Post # 1
So my parents are paying for my wedding they told me its my wedding I can invite anyone I want. So my sister and I have been on the rocks, and haven’t been talking for the last 9 months. Both of our choices. I told my mom I didn’t want her to come to my wedding but she can come to the reception. My mom then waited untill 2 weeks before my wedding to tell me she wasn’t comming. She said the reason is that if shes paying for my wedding the she can invite who ever she wants. I finally gave in and told her she can invite my sister, but she still won’t go. I feel she is choosing my sister over me and it’s very hurtful if she doesn’t go. I don’t know how I’ll get over it. By the way my sister is very is verbally abusive to my family ,has a drug and alcohol problem, and is a chronic liar. What should I do? I sent My sister an invite to the wedding only to get ignored.
Post # 3
Mend the gap.
I have a brother with ‘on/off’ substance abuse problems. I think most addicts have some depression/psychological problems that cause them to abuse. It was important to my mother that he be in the wedding party so we asked him, even though we didn’t really want him in it. I’m glad we asked him, I always want to be positive part in his recovery. It’s not an easy situation but family (good or bad) just like marriage requires work and understanding.
Explain this to your mother and hopefully she understands. It would be a shame for you to look back with regret.

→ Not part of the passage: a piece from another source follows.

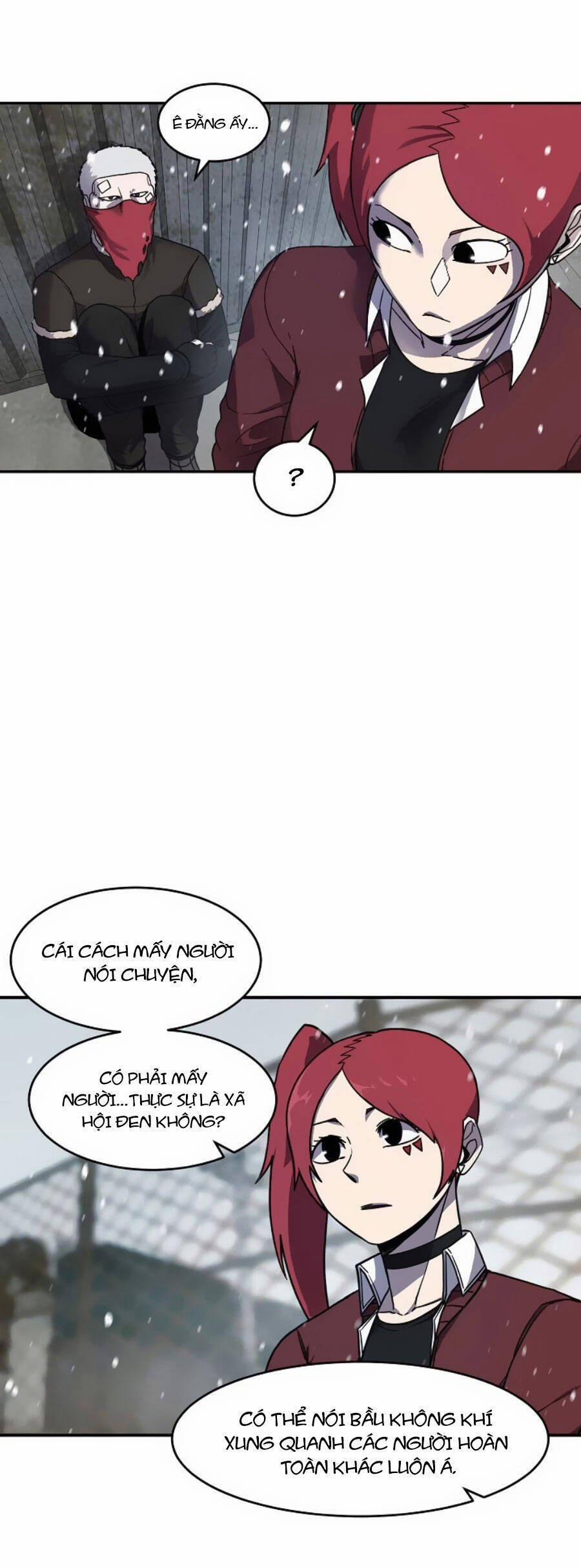 Pháp Sư Hạng B Nhanh Nhất Thế Giới 54 trang 7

Good luck and keep us posted.
Post # 4
That does put it in a different perspective for me. I hope your brother is doing well now. Thank you for you comment. I extended the invite to my sister. I still haven’t heard from my mom, or my sister. I’m trying not to worry about it too much. it’s putting a lot of stress on me, and my future husband. I opened the door to both of them and it’s there choice to walk through it. The day is about me and my future husband I keep trying to remind my self.
Post # 5
Your in a very tough position….and I don’t have any great advice except say this- Your mom engaging in emotional blackmail and acting immature, so she is paying for the wedding so what, this is your day! Weddings are about love and respect, your mom should be able to put aside her feelings and attend.